AGEING The decline in organismal fitness that occurs with increasing age.
AGEING PHENOTYPES The specific physiological manifestations of ageing.
ANTAGONISTIC PLEIOTROPY The hypothesis that genes or processes that were selected to benefit the health and fitness of young organisms can have unselected deleterious effects that are manifest in older organisms and thereby contribute to ageing.
APOPTOSIS Ordered, genetically programmed cell death triggered by both physiological stimuli and cellular damage. Apoptosis avoids cell lysis and subsequent inflammation.
BASE EXCISION REPAIR A DNA-repair pathway that excises and replaces damaged DNA bases.
CARETAKERS Tumour-suppressor genes or proteins that act to protect the genome from damage or mutations. Many caretaker genes encode proteins that recognize or repair DNA damage.
CELLULAR SENESCENCE The essentially irreversible loss of cell division potential and the associated functional changes that are triggered by damage and other potential cancer-causing stimuli.
COMPLEX ORGANISMS Multicellular organisms that are composed of both post-mitotic and renewable (mitotic) somatic tissues.
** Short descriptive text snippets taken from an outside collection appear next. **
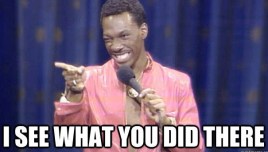 EDDIE SAW WHAT WE DID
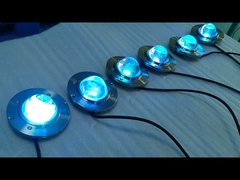 Lampu kapal LED pemasangan permukaan 54W Lampu kolam renang LED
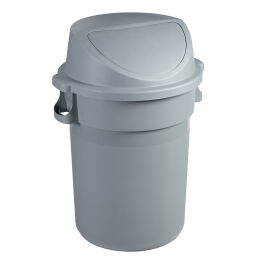 Abfallbehälter Abfall und Reinigung Zubehör Schwenkdeckel Ausführung:  Schwenkdeckel.  L: 580, B: 580, H: 230 (mm). Artikelcode: 8256543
GATEKEEPERS Tumour-suppressor genes or proteins that regulate cellular responses that prevent the survival or proliferation of potential cancer cells. These responses are known as apoptosis and cellular senescence, respectively.
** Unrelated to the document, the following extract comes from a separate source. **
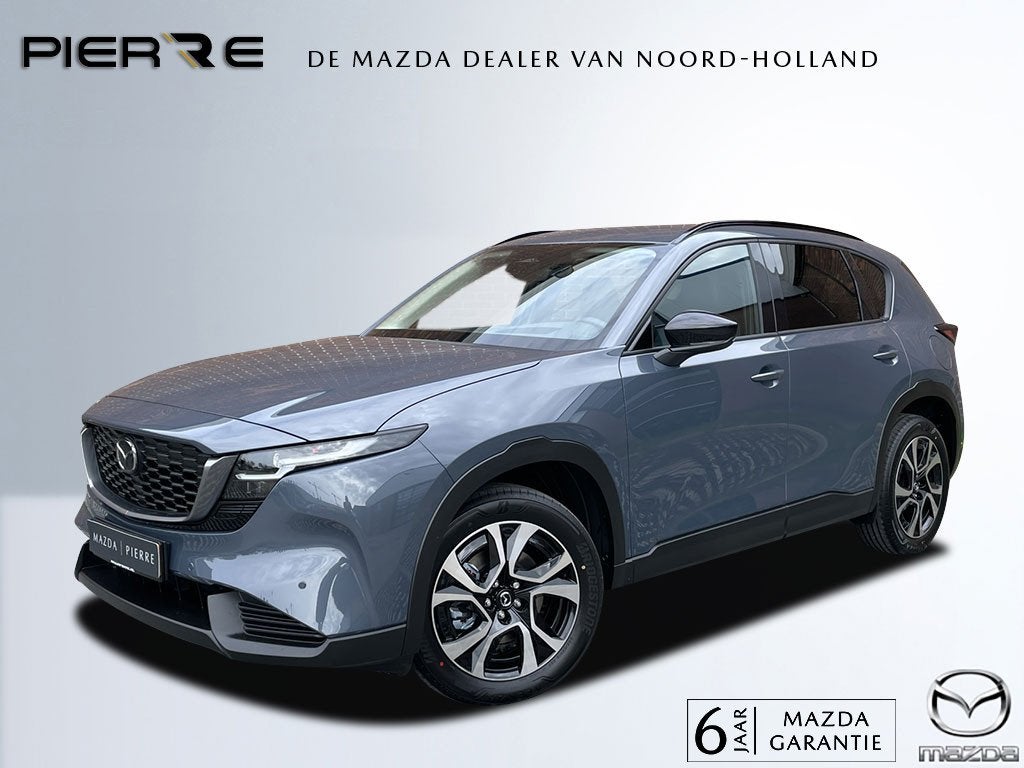 Mazda CX-5 2.5 E-SKYACTIV G 141 M HYBRID Centre-Line | AUTOM, Auto's, Dealer onderhouden, Stof, 4 cilinders, 2000 kg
HOMOLOGOUS RECOMBINATIONAL REPAIR A relatively error-free pathway that repairs DNA double-strand breaks using an undamaged sister chromatid or homologous chromosome as a template.
LONGEVITY Average or maximum lifespan of a cohort of organisms.
MISMATCH REPAIR A DNA-repair pathway that removes and replaces nucleotides that have been misrepaired by DNA polymerases during DNA replication.
NECROSIS Passive or unregulated cell death, in which cells lyse and deposit degradative and antigenic cell constituents into the surrounding tissue. Necrotic cell death, in contrast to apoptosis, often provokes an inflammation reaction.
NON-HOMOLOGOUS END-JOINING REPAIR A relatively error-prone pathway that repairs double-strand breaks by ligating non-homologous DNA ends.
NUCLEOTIDE EXCISION REPAIR A DNA-repair pathway that removes and replaces damaged nucleotides, particularly those that distort the DNA helix.
SIMPLE ORGANISMS Multicellular organisms that are composed entirely or largely of post-mitotic somatic cells.
TELOMERES The DNA–protein structure that stabilizes the ends of linear chromosomes and protects them from degradation or fusion. In vertebrates, telomeres are composed of several-kilobase pairs of the sequence TTTAGGG and several associated proteins.
XERODERMA PIGMENTOSUM A group of cancer-prone syndromes in humans that are caused by defects in the nucleotide excision repair genes.